[cleangrapes]

It looks to me like ammonium nitrate (NH₄NO₃) will dissociate in water into NH₄⁺ and NO₃^-. I calculated the pH using the provided acid dissociation constant for NH₄⁺, K_a = 5.6x10^-10 and got the answer pH = 5.13. This is correct, as per the answer key, so it seems that I used the correct procedure.
Still, I am confused. It seems to me like the solution contains a stronger base than water, NO₃^-. I am trying to understand why the calculation is done without factoring in this in, as if we were just dealing with NH₄⁺(aq). The calculation, which yields the correct answer, uses the equation NH₄⁺(aq) + H₂O(l) NH₃ + H₃O⁺. Why is the presence of NO₃^- in the solution not taken into consideration?

[Alt+Tab]

In my opinion, the NO3- ion is a weak base, since it originates from a strong acid (HNO3). To answer your question, it is necessary to remember that the salt is formed by the reaction of a strong acid and a weak base. Therefore, for the same reason that NO3- is a weak base, NH4 + is a strong acid because it originates from a weak base.

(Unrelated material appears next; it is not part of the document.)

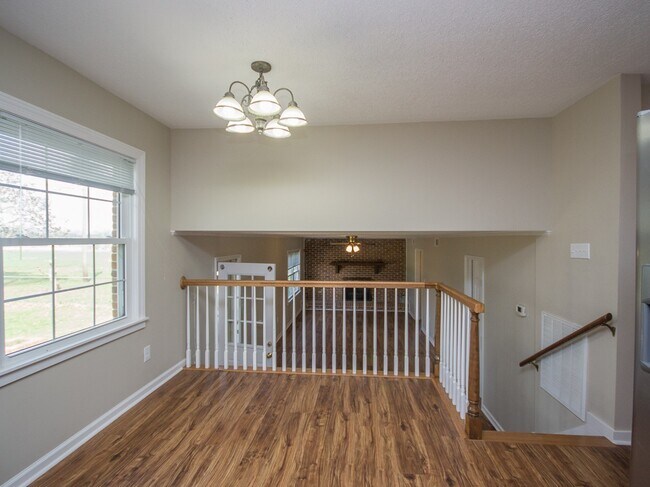 Building Photo - Beautiful Home in Athens City near Buc-ees!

And finally, the dissociated NH4 + salt will react in greater proportion with H2O leading to NH3 + H3O+.

[cleangrapes]

Why does NH₄⁺ react in greater proportion with water, than with NO₃^-? Is it because water is a stronger base than NO₃^-?

[Borek]

NO₃^- is a very weak base, with pKb = 15.

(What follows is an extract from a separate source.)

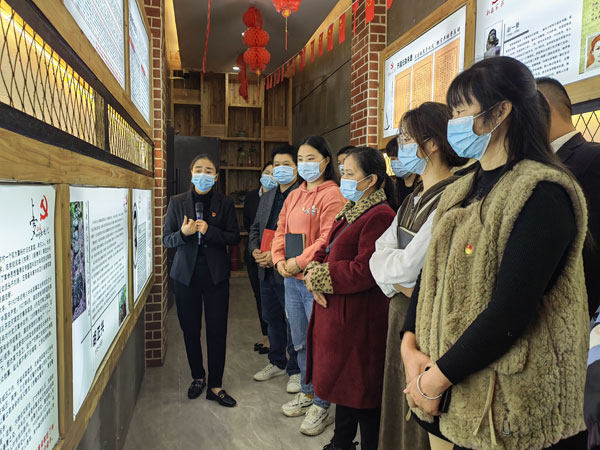 qingfeng1.jpg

You haven't told us what is the concentration, I assume 0.1 M.

Look at the exact calculations result: pH of 0.1 M ammonium nitrate solution is 5.13*, while pH of 0.1 ammonium chloride (much stronger acid) is 5.12. This 0.01 pH unit difference can be definitely attributed to the NO₃^- being a base (still, very small fraction of the NO₃^-, around 10^-7, gets protonated).

*actually around 5.28, due to ionic strength of the solution